Der Inhabername verschwand aus der Firmierung. So sieht es die Konzeption vor. Kemmer steht dazu und betont: "Kunden, die nach 15 Jahren Wohnen & Sparen noch zu Kemmer gehen, gehen jetzt zu Mäx. Sie wissen, daß die Unternehmerfamilie Kemmer hinter dem Namen Mäx steht. Und den Neukunden ist es gleich, ob sich hinter Mäx der Herr Meier, Müller oder Kemmer verbirgt, solange Ware, Preise und Service stimmen".

Mäx hat bei Decor-Union in mehreren Etappen eine Wandlung vom Fachdiscount- zum Fachmarkt moderner Prägung erfahren. Karsten Kemmer war an der konzeptionellen Neuausrichtung im Rahmen eines Arbeitskreises mitbeteiligt. So ergriff er auch die Chance, mit dem Neubau diese moderne Generation von Mäx-Fachmärkten als erster umzusetzen.

Der nahezu ideale Standort

Durch die Standortverlegung rückte nach Kamen nun Unna deutlich stärker in den Fokus. "Wer von Unna auf die Autobahn will, muß an unserer Rückseite vorbeifahren", sagt Kemmer. Und dabei weisen die plakativ an der Hallenrückseite angebrachten Piktogramme auf die geführten Sortimente hin. So gewann man deutlich an Hochwertkunden

Die vom direkt gegenüberliegenden Ikea her kommenden Kunden sind eher solche für das Cash-and-Carry-Geschäft. Eine bestimmte Klientel also, die das mittlere Preissegment sucht. "Unsere klassischen Kunden nehmen hingegen unser Dienstleistungsangebot voll in Anspruch und kaufen in der Regel höherwertig", so der Inhaber. Im Segment Teppichboden etwa liegt der Schwerpunkt im Rollenprogramm bei 8 bis 15 EUR/qm, verkauft werden aber auch Kupons ab 30 EUR/qm.

Insgesamt deckt Kemmer an diesem Standort mit seinem Mäx-Fachmarkt ein Kerneinzugsgebiet von rund 150.000 potenziellen Interessenten ab. Wobei sich hier zwar jede Menge Baumärkte tummeln, der Fachmarktbereich allerdings recht dünn besetzt ist. Kemmer kann es recht sein.

Rundgang durchs Haus

Es handelt sich um einen modernen rechteckigen Flachbau auf einer Ebene. Von den 2.000 qm umbauten Raums sind 1.750 qm reine Verkaufsfläche, der Rest verteilt sich auf Lager, Büro- und Sozialräume. Die die Breite der Halle einnehmende Eingangsfront ist verglast und sorgt somit im vorderen Teil für Tageslicht. Ansonsten werden die Räumlichkeiten durch eine gleichmäßige Kunstlichtbeleuchtung erhellt: Die Pendelleuchten mit Refraktor lassen auch die Hallendecke einigermaßen hell erscheinen. Zusätzliche Spots beleuchten die Ware punktuell. Zu erwähnen sind außerdem die großformatigen Piktogramme an der Eingangsaußenseite, welche auch vom gegenüberliegenden Ikea-Haus aus gesehen werden können.

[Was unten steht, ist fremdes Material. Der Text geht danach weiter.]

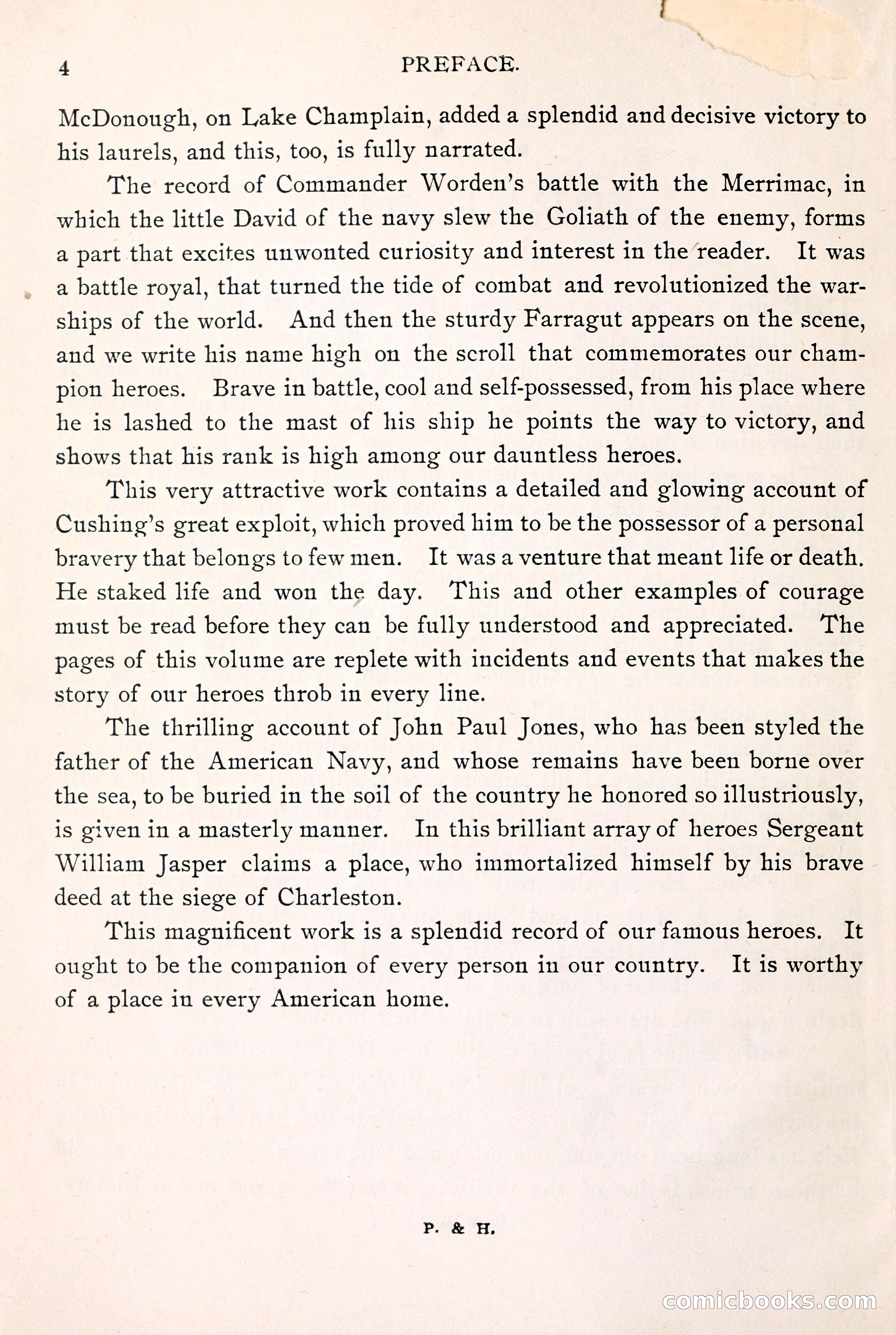 Thrilling Adventures of American Pioneers and Heroes — page 13 of 278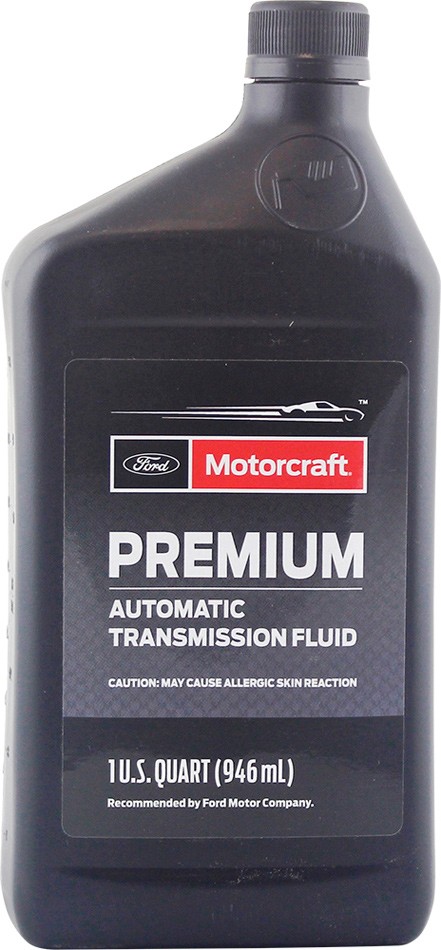 Масло трансмиссионное Ford Motorcraft Premium Automatic Transmission Fluid 0.946 л (XT8QAW)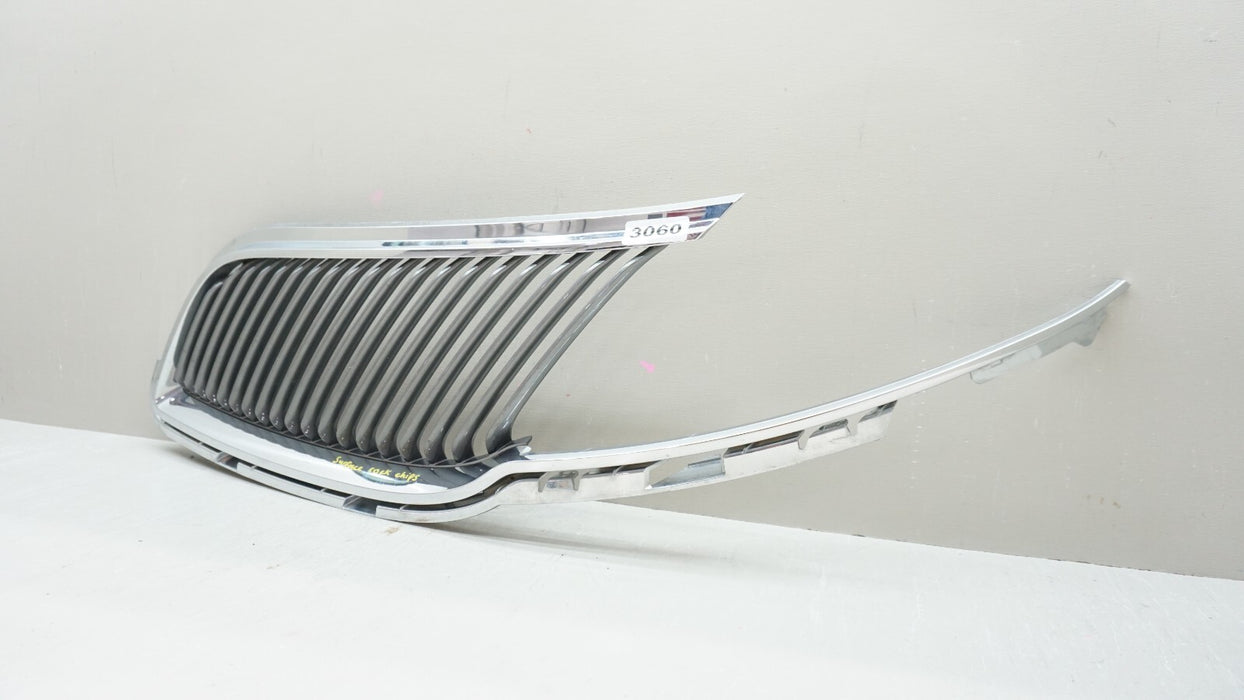 2013-2016 LINCOLN MKT LH LEFT DRIVER SIDE GRILLE OEM DA53-8151-AFW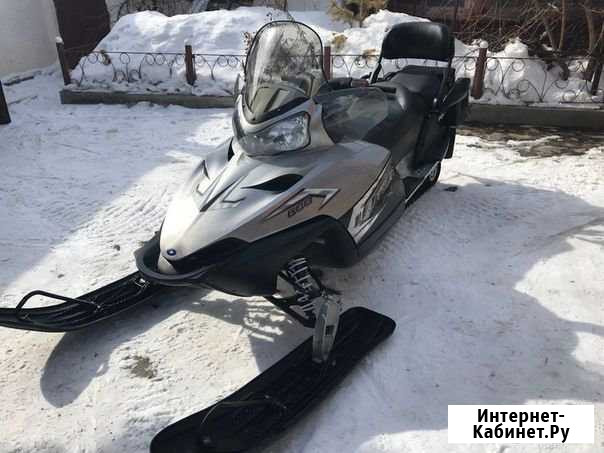 Снегоход Polaris IQ Tour 600 Оренбург - изображение 1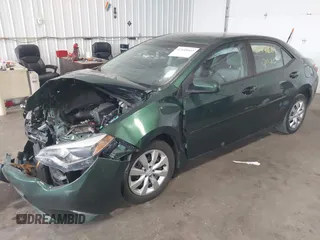 2016 Toyota Corolla L with VIN 2T1BURHE9GC726280, listed as a IAAI auction lot 42448663 with 64,359 mi miles and . Bid and sale history available at DreamBid. Image 17.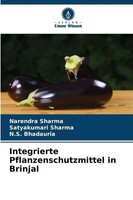 Narendra Sharma (U. A.) | Integrierte Pflanzenschutzmittel In Brinjal | Buch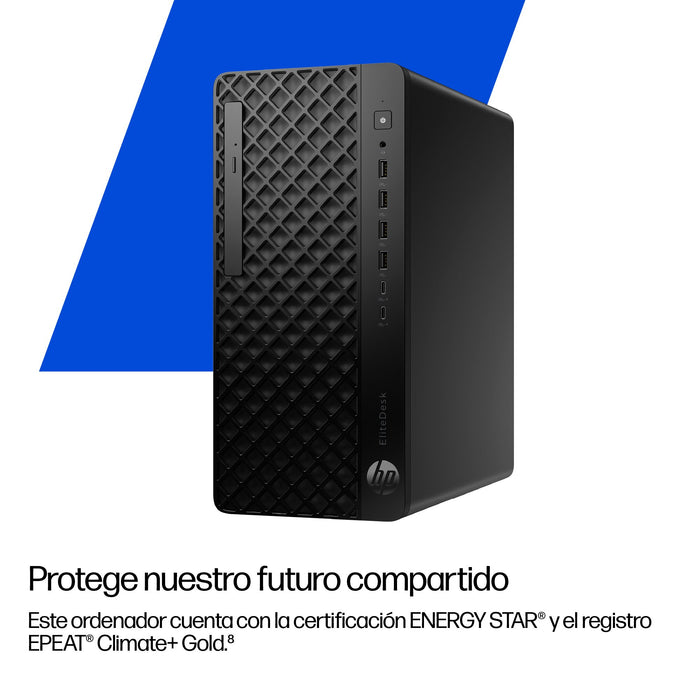 EAN 0199764821522 - HP EliteDesk 8 SFF G1i AI PC Intel Core Ultra 5 235 16 GB DDR5-SDRAM 512 GB SSD Windows 11 Pro Negro imagen 7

Vom Eingang her führt ein breiter Gang bis zum Hallenende, der nach zwei Dritteln von einem breiteren Quergang gekreuzt wird. Zusätzlich gibt es bewußt eng gehaltene Quergänge. Die Übergänge von einer Warenabteilung zur anderen sind fließend.

Die gesamte Halle kann vom Anfang bis zum Ende überblickt werden, am besten vom leicht erhöht liegenden Büro am Hallenende. Innenarchitekt Frank Plehn verwandte auch hier so genannte Wandscheiben in Form freistehender farbiger Wände, die mehrere Funktionen besitzen: Sie dienen einerseits als Warenträger und zur Aufnahme von Beschriftung, andererseits als Raumteiler.

In allen Abteilungen finden sich dekorative Elemente in Form kleiner Deko-Nischen mit angedeutetem Interieur. Ein Showroom zeigt eine Raumsituation im Zusammenspiel verschiedener Produkte in einem Wohnstil. Das Sunny-Haus als Präsentationselement für Sicht- und Beschattungsprodukte ist etwas von Ware eingeengt, würde freistehend noch besser wirken. Doch Platz am Verkaufsort ist - wie überall - begehrt und rar.

Selbstverständlich gehört auch eine Kinderecke dazu, allerdings nicht in die berühmte Ecke gedrängt, sondern vielmehr mitten im Raum. Gleich daneben eine kleine Kaffeebar für durstige Kunden. Das gesamte Ladenbaukonzept ist auf die Ausstrahlung von Warenkompetenz ausgerichtet. Keine endlosen Tapeten- oder Farbeimer-Batterien, sondern alles aufgelockert und übersichtlich präsentiert.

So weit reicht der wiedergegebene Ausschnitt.